FM-09 — MNO CBE adapter protocol change

Scenario. MNO upgrades their CBE (e.g., Ericsson protocol version bump); existing adapter rejects new response format.

Impact. Dispatches to that MNO start failing with CBE_REJECT; circuit eventually opens; broadcasts become PARTIAL until adapter updated.

Mitigation.

  1. Adapter abstraction (per SERVICE_OVERVIEW §6.2) — new adapter can be deployed without redeploying main service.
  2. Alternate-adapter fallback: if EricssonProprietaryCbeAdapter fails, try Standard3gppCbeAdapter (some MNO CBEs support both).
  3. Vendor-contact runbook: call MNO NOC within 1 h to confirm protocol change + request documentation.
  4. Adapter change deployed within 48 h SLA.

FM-10 — Replay attack

Scenario. Attacker captures a valid signed broadcast request and replays it.

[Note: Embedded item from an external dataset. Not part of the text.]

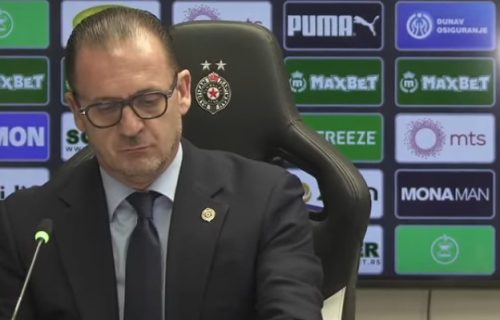 Mijatoviću nije lako: Izneo podatke koliko tačno Partizan duguje
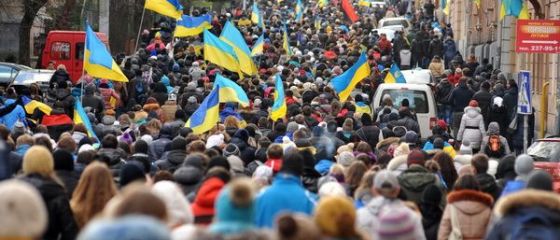 Riscul de creditare al Ucrainei a crescut la cel mai ridicat nivel din Europa, pe fondul protestelor violente de la Kiev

Impact. Rejected REPLAY_NONCE; audit row written; rate-limit engages.

Mitigation.

  1. Signature window: request timestamp must be within 5 min of server time; older → rejected.
  2. Nonce deduplication: per-cert nonce cache in Redis (TTL 10 min); re-seen nonce → rejected.
  3. Multiple replay attempts → automated security incident (CISO paged).

FM-11 — Concurrent cancellation race

Scenario. Two approvers click cancel near-simultaneously; or the original initiator and a second approver both attempt cancel at the same instant.

Impact. Potential duplicate CANCELLED transition.

Mitigation.

  1. State transition uses UPDATE ... WHERE state = 'ACCEPTED' (Postgres row-level lock via FOR UPDATE).
  2. Single winner; loser receives INVALID_STATE.
  3. Audit records only the winning transition.

FM-12 — Cell-DB refresh fails

Scenario. MNO cell-database export endpoint unreachable or malformed on weekly refresh.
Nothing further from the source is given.